Question

Which of the following has the shortest carbon-carbon bond length?
A.${C_2}{H_2}$
B.${C_2}{H_4}$
C.${C_2}{H_6}$
D.All have the same bond length

Answer 1

Hint:The relationship between bond length and bond order will be taken into consideration. Bond order is inversely proportional to bond length.

Complete step by step answer:

Bond order and bond length is inversely proportional to each other, which defines that the carbon-carbon bond which has a larger bond order will have the shortest carbon-carbon bond length.
$B.O \propto \dfrac{1}{{B.L}}$
Where, B.O is bond order and B.L is bond length.
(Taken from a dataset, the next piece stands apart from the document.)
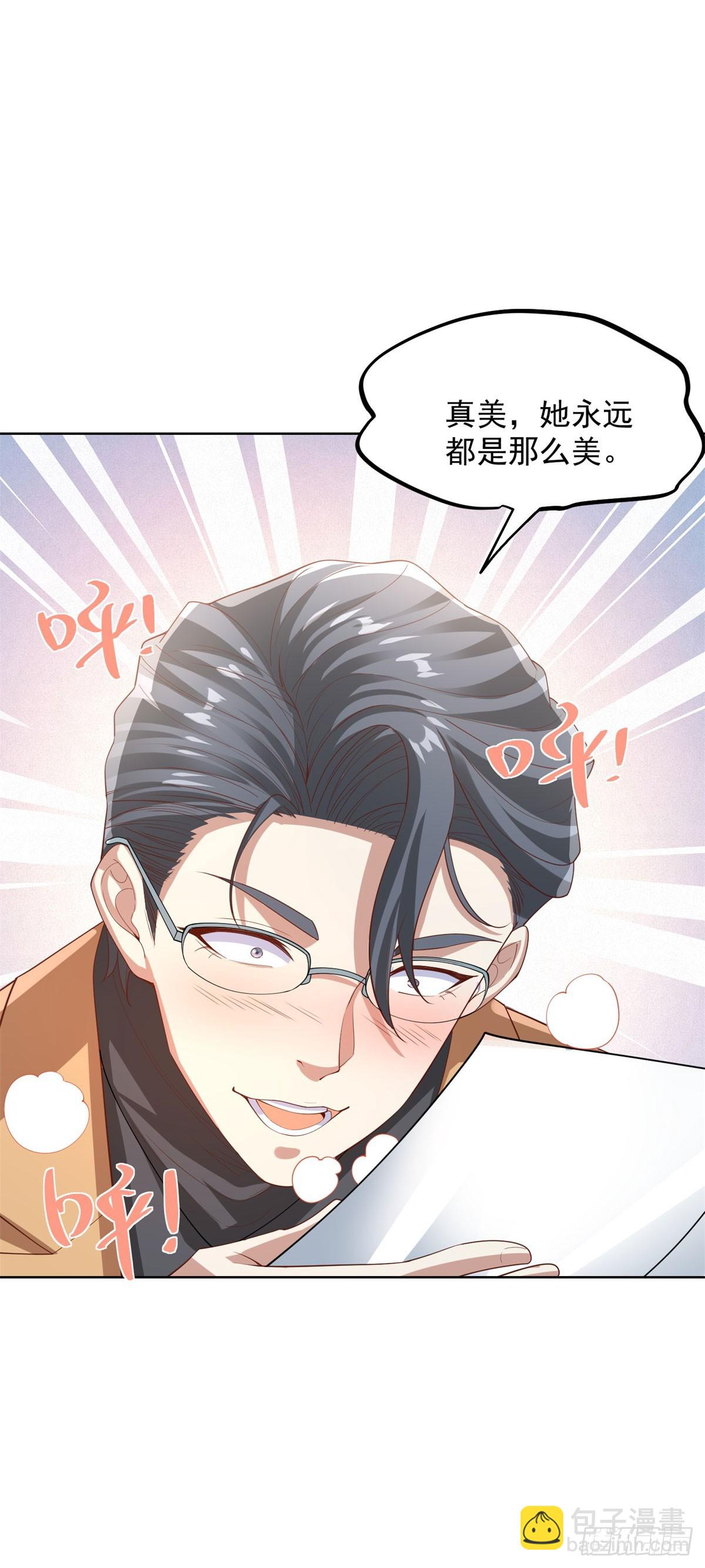 第220话 早知今日何必当初-第221话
Bond order is always based upon \[C - C\] type of bond, \[C - C\] triple bond will always have a higher bond order and shortest bond length.

\[C - C\] Single bond will always have a lesser bond order and longest bond length.
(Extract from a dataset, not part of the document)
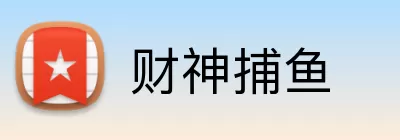 财神捕鱼 Logo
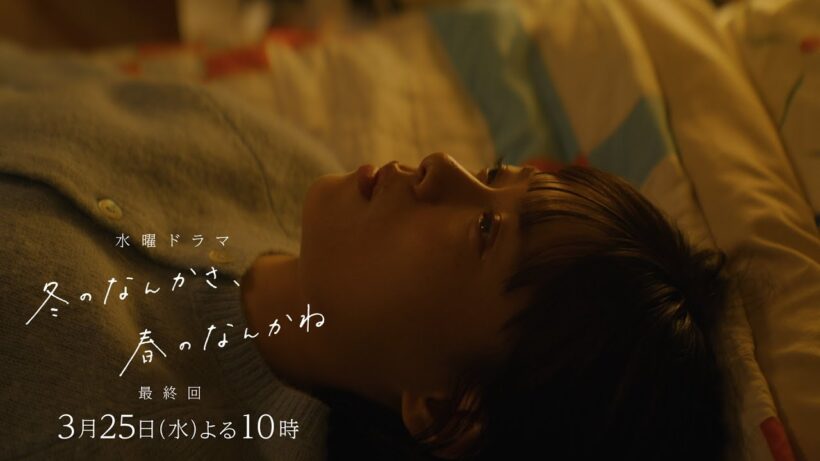 【最終回 予告：ロングVer】主演・杉咲花×監督/脚本・今泉力哉「冬のなんかさ、春のなんかね」毎週水曜よる10時【日テレ系 水曜ドラマ】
As to compare bond order, we need to find out bond order.
For${C_2}{H_2}$, (Ethyne)


The carbon-carbon bond in ethyne is a triple bond, six electrons are shared in the triple bond.
Bond order will be \[3\].

For${C_2}{H_4}$ (Ethene)


The carbon-carbon bond in ethene is double bond, two electrons are shared in the double bond.
Bond order will be \[2\].

For${C_2}{H_6}$ (ethane)


The carbon-carbon bond in ethane is a single bond, two electrons are shared in the single bond.
Bond order will be \[1\].
By comparing the above three compounds we can conclude that the B.O of carbon-carbon bond ${C_2}{H_2}$ is highest.
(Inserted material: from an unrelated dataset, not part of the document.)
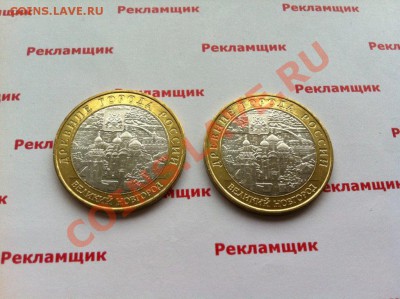 10р БМ В.Новгород ММД меш. 2 шт С РУБЛЯ!!! до 22.00 23.10.13 - IMG_0024.JPG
So, according to the relation between these two ${C_2}{H_2}$ will have the shortest carbon-carbon bond length.
Therefore, option A is correct.


Note:
Bond order tells us about the number of bonds between two atoms in a molecule. Atoms and molecules may form bonds in which they share more than two electrons. Bond length or bond distance can be defined as the average distance between nuclei of two bonded atoms in a molecule.